No estamos en la segunda mitad del siglo XX, cuando a las dos potencias les importaba que los países cercanos, por lógica geopolítica, mantuvieran un nivel aunque sea mínimo de orden y bienestar. Tampoco estamos en los primeros años de este siglo, cuando todos creían en la globalización y perseguían mercados, y por eso querían socios civilizados con los que comerciar. Estamos en una nueva época del mundo en el que ‘a menos bocas más nos toca’ y, para los países pequeños, el completo colapso institucional se ha vuelto absolutamente factible. A los extremistas les gusta mucho mirar a Europa, Canadá y a las costas estadounidenses, pero tal vez deberían fijarse más en Libia, Venezuela, Haití, Nicaragua, el Triángulo Norte de Centroamérica, Haití, Afganistán, Somalia, Irak y otros que, en casi todos los casos, tuvieron, aunque no parezca, un pasado no tan distante muchísimo más próspero y pacífico.

Ante este panorama, queda claro que —bajo los estándares del ordenamiento actual—  ya no hay forma democrática ni electoral de remediar este desastre. Sin embargo, tampoco hay una institución o un grupo, este momento, en capacidad de conducir la urgente ruptura. A diferencia de lo que sucedía en la Guerra Fría —cuando cada bando estaba consciente de su propia fragilidad y por lo tanto vivía permanentemente conspirando, con allegados militares, juristas, miembros del sector productivo y aliados extranjeros, trabajando todo el tiempo en un proyecto que podía echarse a andar en cualquier momento si la circunstancia lo requería—, en la actualidad hemos terminado tomándonos al sistema demasiado en serio y nos olvidamos de que quizás un día habría que desecharlo y reemplazarlo. Ante ello, no queda sino recordar el dicho: “El mejor momento para plantar un árbol fue hace 20 años; el segundo mejor momento es ahora”.

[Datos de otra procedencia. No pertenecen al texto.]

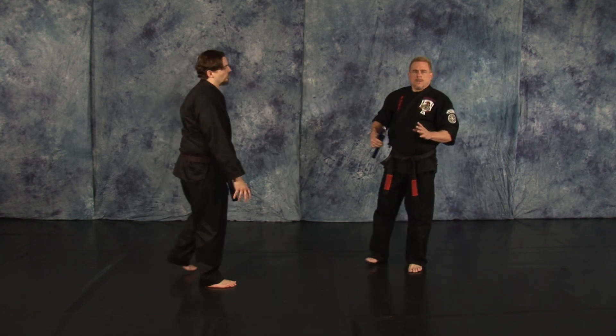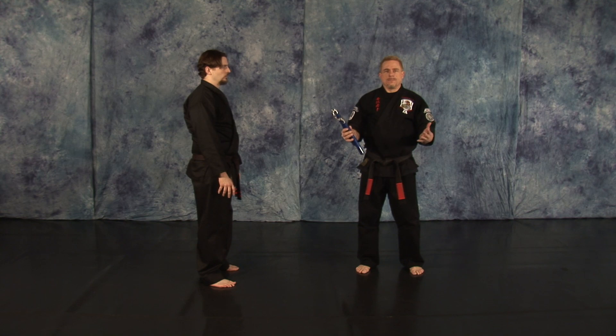Now remember, if you do this to an unarmed man, you may need some legal representation.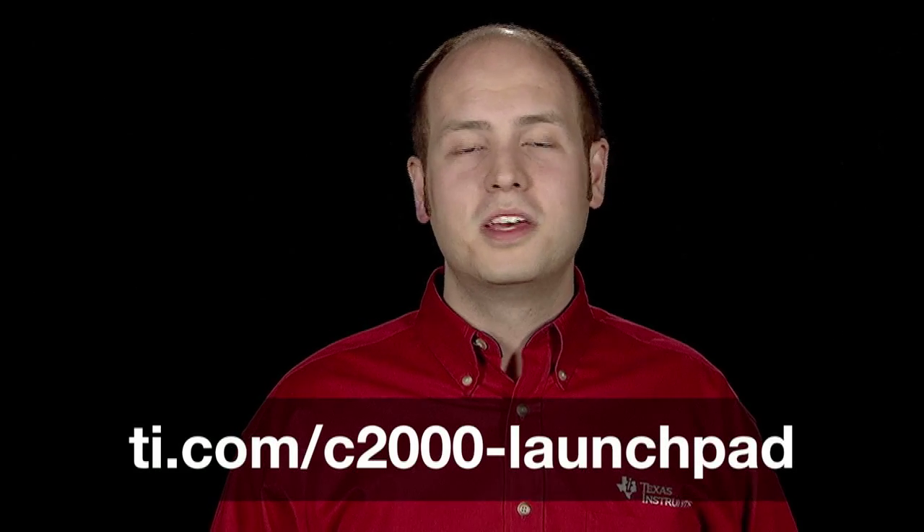You can learn more about the tool, download sample code and documentation, and order the tool from TI.com slash C2000 Launchpad. Thanks for watching.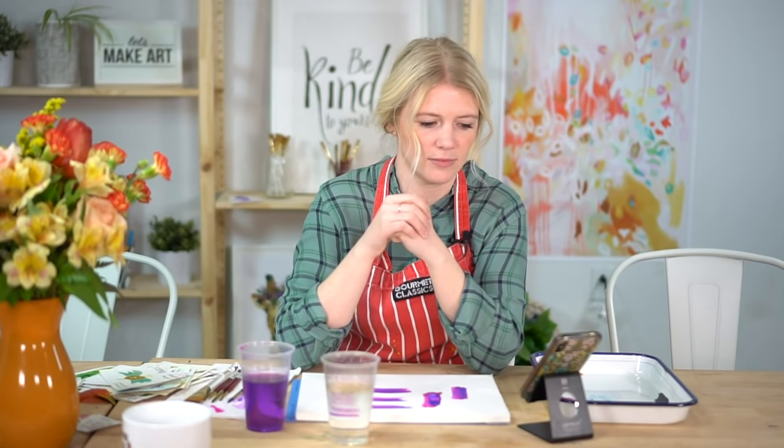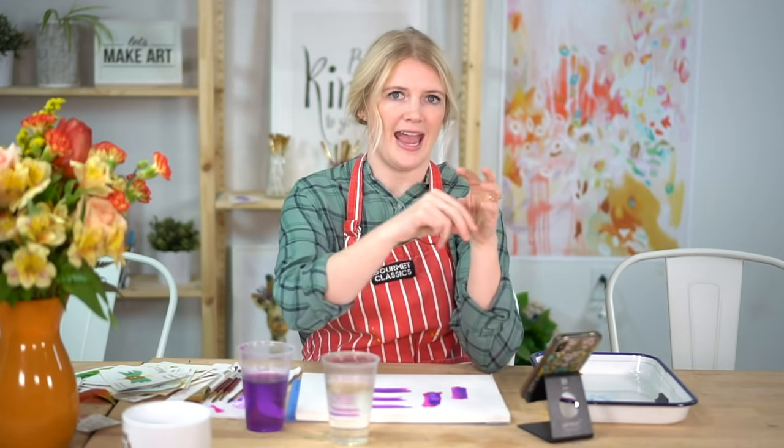On fuzzy edges with paint — especially green: this was happening in some early subscription boxes because I was using paint straight from the bottle without adding water, and the high concentration caused bleeding edges. Since then we've worked on how we mix our paints. If you're still seeing fuzziness, try mixing a little water into your paint to reduce that concentration.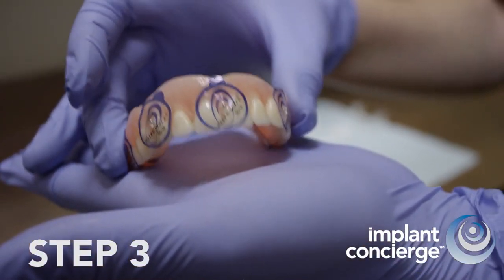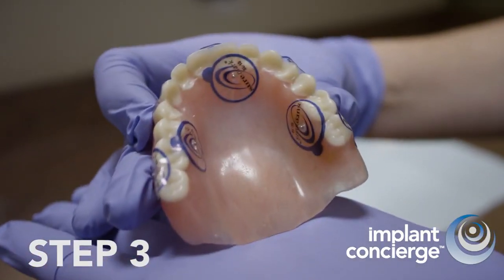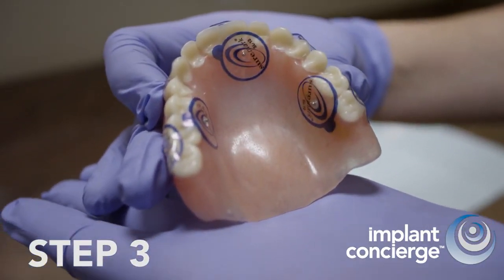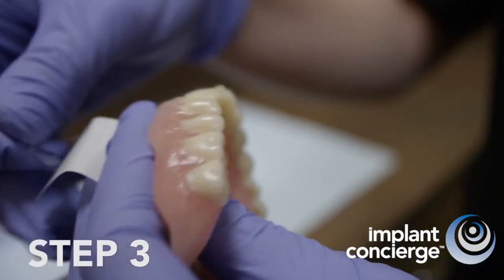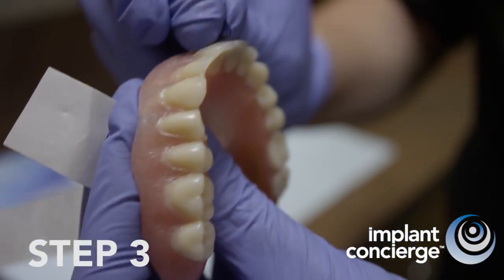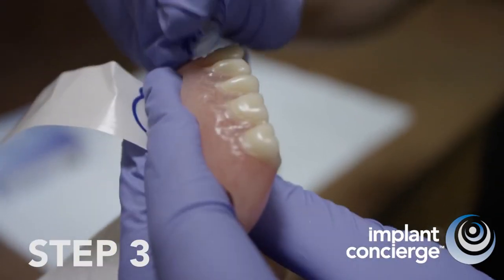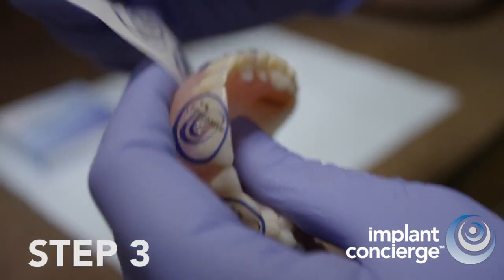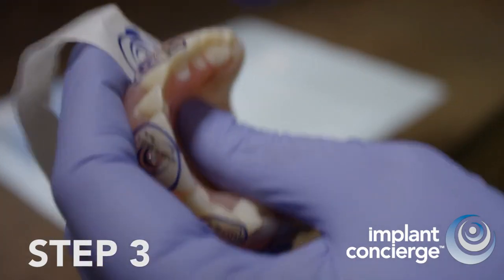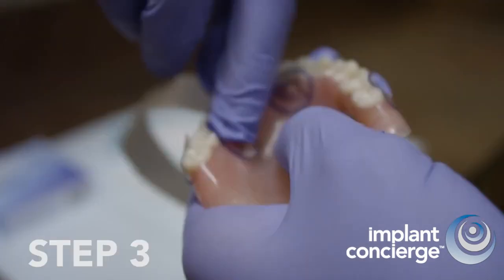Adhere 6 to 8 one-millimeter x-ray markers to the denture. You can purchase a box of 110 x-ray markers directly from Implant Concierge. Peel and stick 3 to 4 x-ray markers on the buccal surface at varying axial levels. Be random. Here's a helpful idea: place two of the stickers on the first premolar cusp to help you quickly determine restorative space and if bone reduction will be required.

Mientras, para esta elección inútil que se avecina, lo único que deberíamos exigirles a los candidatos es un poco menos de alegría y de sonrisas. Resulta irritante que, en la situación actual, se aferren a esa distractora ‘actitud positiva’ propia de mercaderes y charlatanes. Deberían mostrar un poco más de solemnidad y congoja ante la terrible situación que le aguarda a uno de los ocho. Al que gane no le corresponderá ser el nuevo Clemente Yerovi, sino el pobre infeliz que tuvo que anunciar con su corneta el ‘toque a degüello’ que puso fin a una era.